Input data:
————

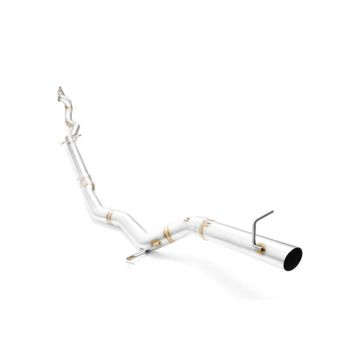 Kompletny układ wydechowy MITSUBISHI Evo IX Rally 2.0T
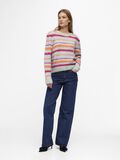 Object Collectors Item STRIPED KNITTED PULLOVER, Tea, highres - 23044797_Tea_1129477_005.jpg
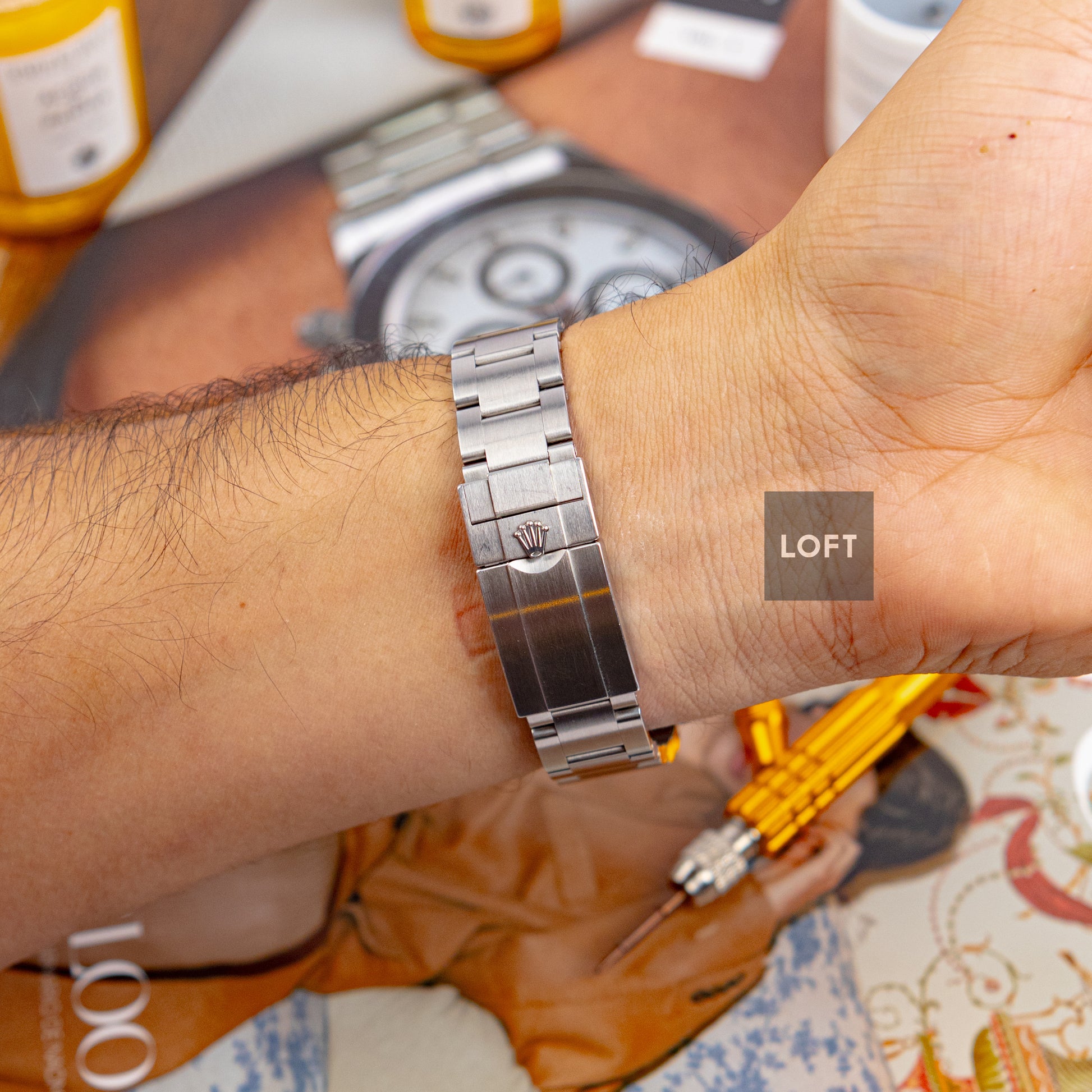 Rolex Explorer 40 ref. 224270 Oystersteel 40mm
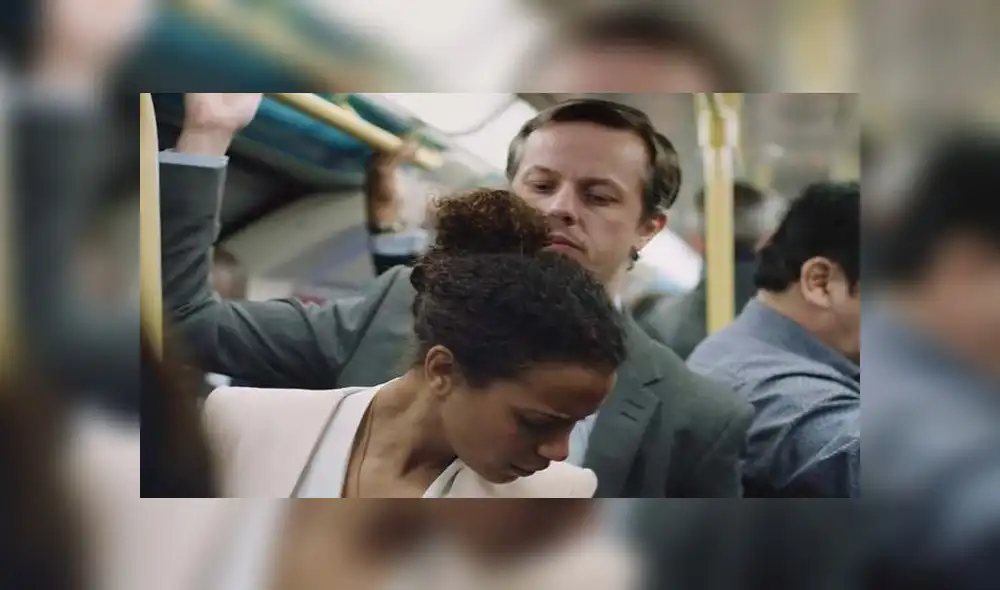 Acosó sexualmente a mujer en el metro y ella le dio una lección inolvidable [VIDEO]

————

Task prompt:
What is needed is the whole listing again, exactly as written, with the images left out.

Response:
 Kompletny układ wydechowy MITSUBISHI Evo IX Rally 2.0T
 Object Collectors Item STRIPED KNITTED PULLOVER, Tea, highres - 23044797_Tea_1129477_005.jpg
 Rolex Explorer 40 ref. 224270 Oystersteel 40mm
 Acosó sexualmente a mujer en el metro y ella le dio una lección inolvidable [VIDEO]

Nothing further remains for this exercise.